BEGIN MATERIALS PROVIDED
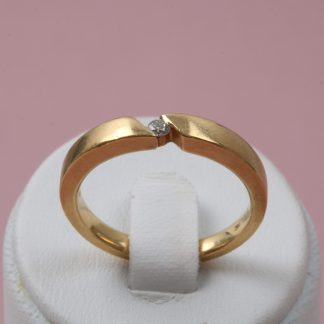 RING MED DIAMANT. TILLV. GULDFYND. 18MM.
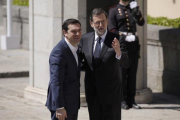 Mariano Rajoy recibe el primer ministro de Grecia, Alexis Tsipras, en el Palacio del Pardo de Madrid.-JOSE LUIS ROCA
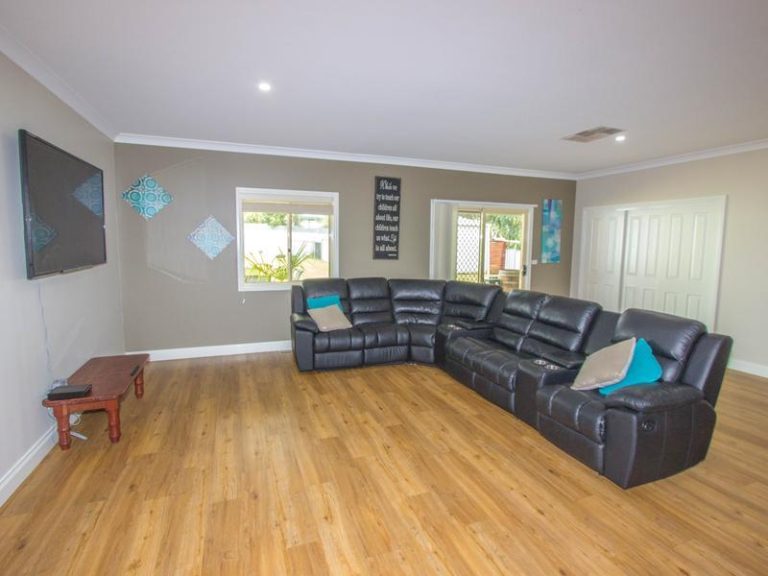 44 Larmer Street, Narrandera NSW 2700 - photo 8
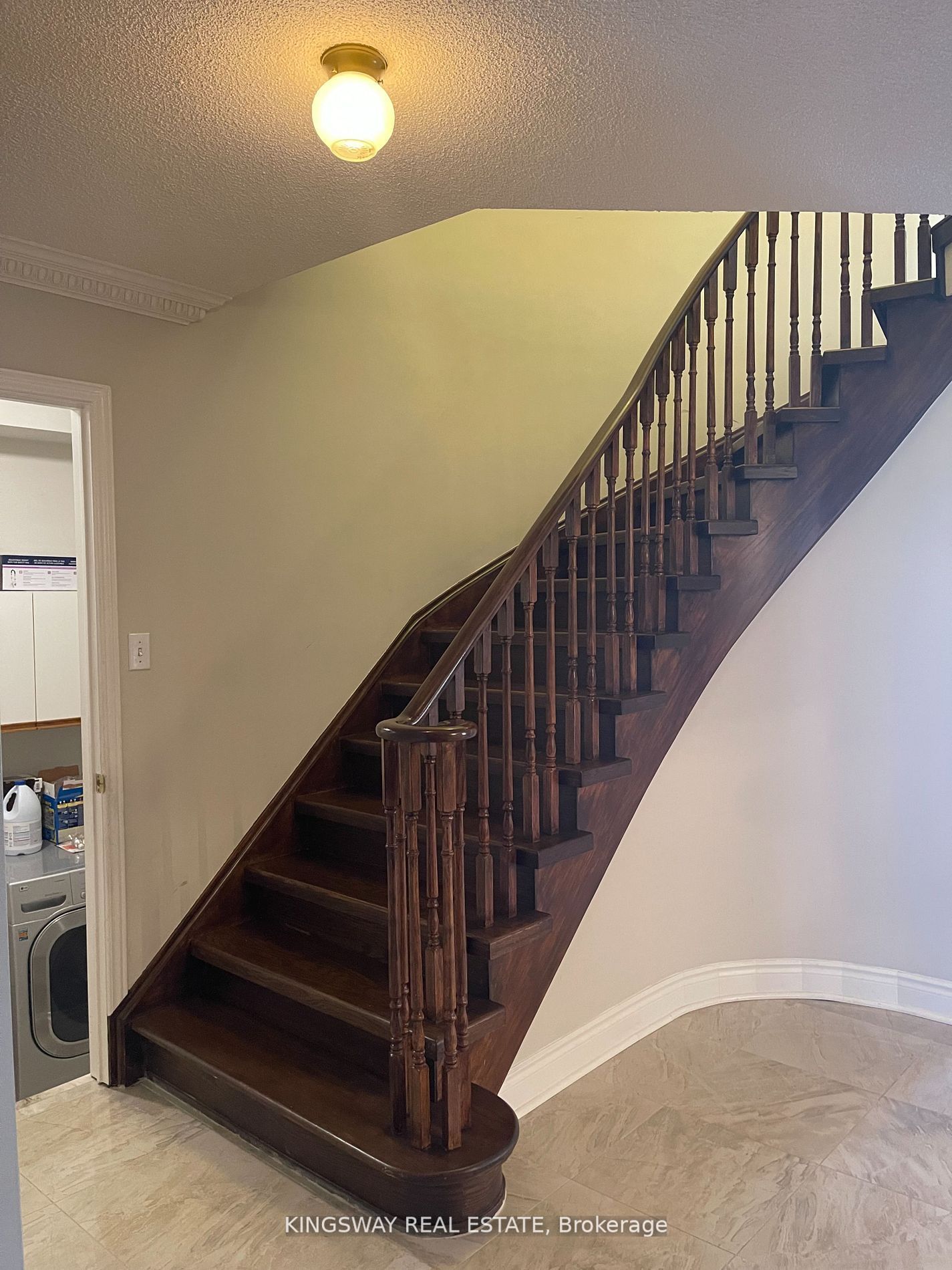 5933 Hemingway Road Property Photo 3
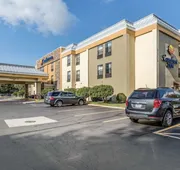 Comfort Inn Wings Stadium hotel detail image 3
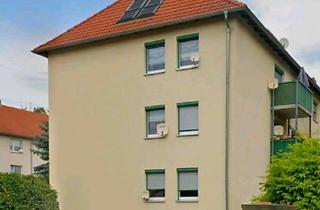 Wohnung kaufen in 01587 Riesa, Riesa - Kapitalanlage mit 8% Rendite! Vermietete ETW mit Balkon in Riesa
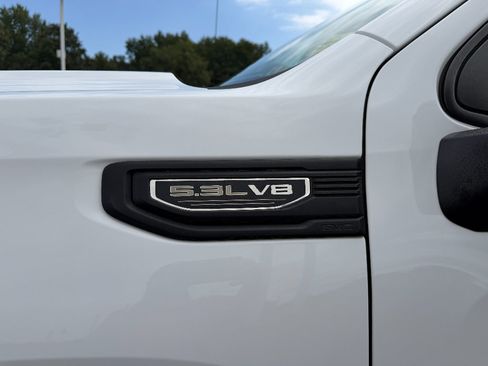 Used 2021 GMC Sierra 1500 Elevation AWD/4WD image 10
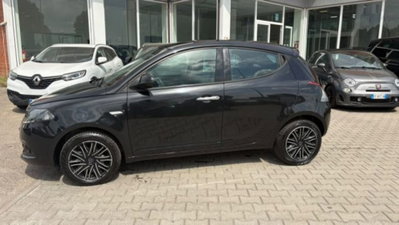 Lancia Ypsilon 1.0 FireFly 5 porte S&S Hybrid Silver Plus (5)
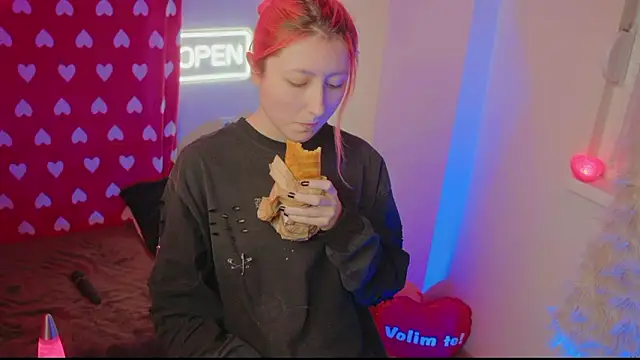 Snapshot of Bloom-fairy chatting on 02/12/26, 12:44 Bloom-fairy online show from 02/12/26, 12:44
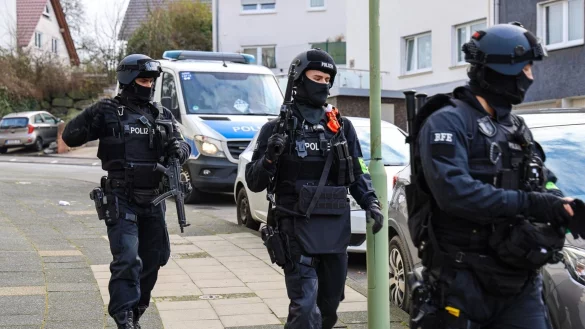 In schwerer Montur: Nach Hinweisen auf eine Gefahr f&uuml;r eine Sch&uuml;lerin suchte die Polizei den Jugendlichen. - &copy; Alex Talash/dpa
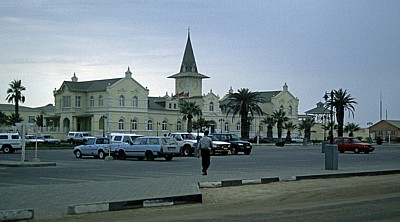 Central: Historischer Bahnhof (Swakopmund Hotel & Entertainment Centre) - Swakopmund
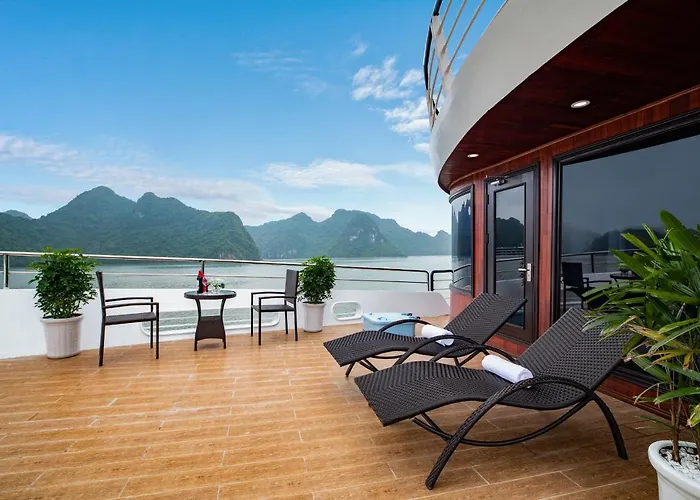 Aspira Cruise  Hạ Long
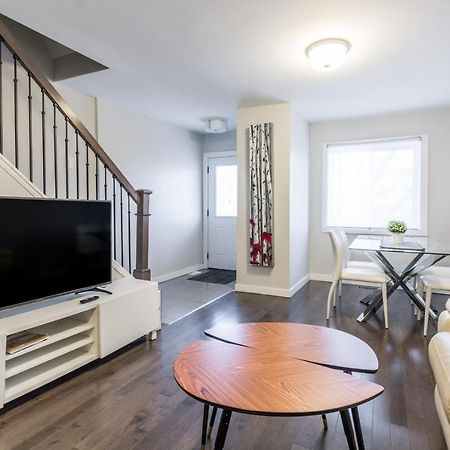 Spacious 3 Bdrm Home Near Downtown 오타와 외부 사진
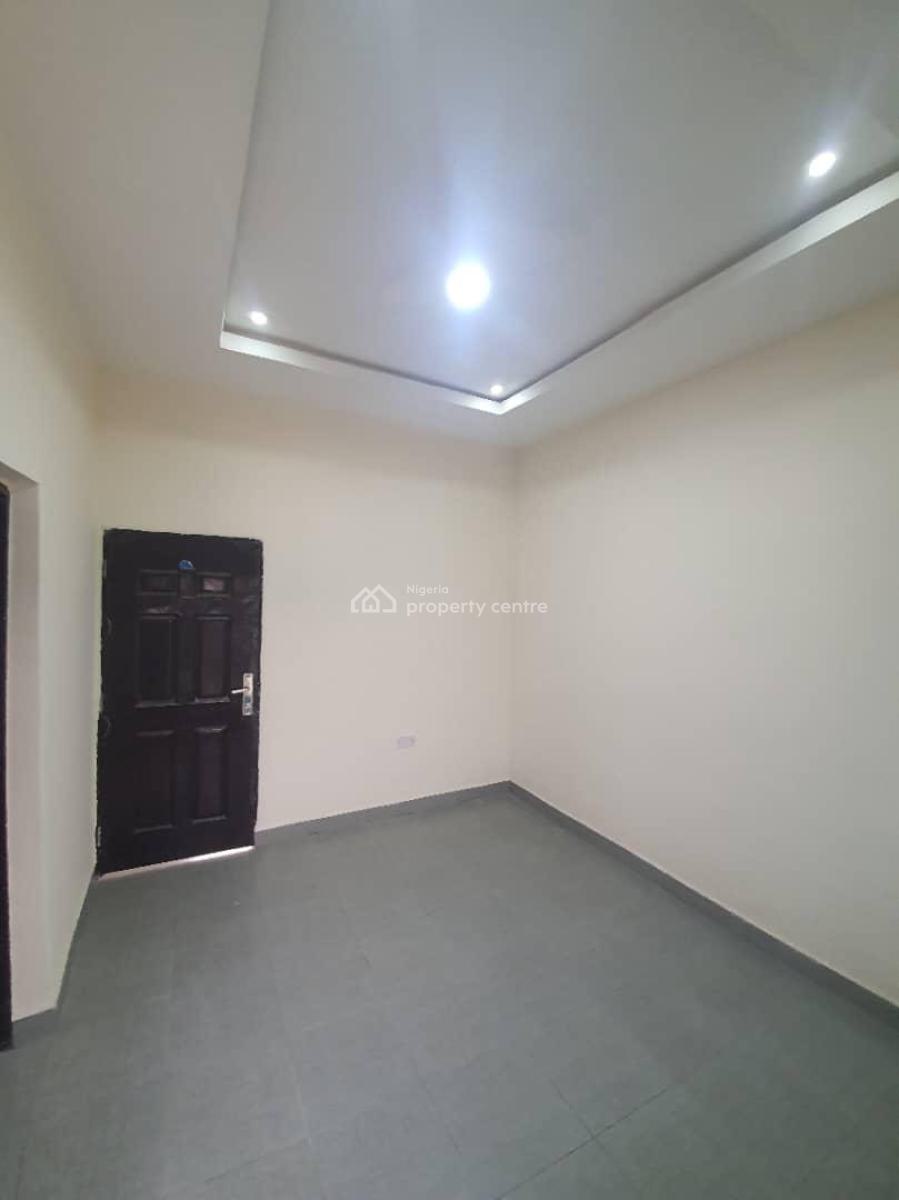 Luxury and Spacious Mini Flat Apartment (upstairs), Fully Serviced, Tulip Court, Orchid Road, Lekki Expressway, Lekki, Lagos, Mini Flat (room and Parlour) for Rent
END MATERIALS PROVIDED
**REQUIRED WORK**
When you give the entries again, keep them exact and omit any picture they contain.

**ANSWER SPACE**
 RING MED DIAMANT. TILLV. GULDFYND. 18MM.
 Mariano Rajoy recibe el primer ministro de Grecia, Alexis Tsipras, en el Palacio del Pardo de Madrid.-JOSE LUIS ROCA
 44 Larmer Street, Narrandera NSW 2700 - photo 8
 5933 Hemingway Road Property Photo 3
 Comfort Inn Wings Stadium hotel detail image 3
 Wohnung kaufen in 01587 Riesa, Riesa - Kapitalanlage mit 8% Rendite! Vermietete ETW mit Balkon in Riesa
 Used 2021 GMC Sierra 1500 Elevation AWD/4WD image 10
 Lancia Ypsilon 1.0 FireFly 5 porte S&S Hybrid Silver Plus (5)
 Snapshot of Bloom-fairy chatting on 02/12/26, 12:44 Bloom-fairy online show from 02/12/26, 12:44
 In schwerer Montur: Nach Hinweisen auf eine Gefahr f&uuml;r eine Sch&uuml;lerin suchte die Polizei den Jugendlichen. - &copy; Alex Talash/dpa
 Central: Historischer Bahnhof (Swakopmund Hotel & Entertainment Centre) - Swakopmund
 Aspira Cruise  Hạ Long
 Spacious 3 Bdrm Home Near Downtown 오타와 외부 사진
 Luxury and Spacious Mini Flat Apartment (upstairs), Fully Serviced, Tulip Court, Orchid Road, Lekki Expressway, Lekki, Lagos, Mini Flat (room and Parlour) for Rent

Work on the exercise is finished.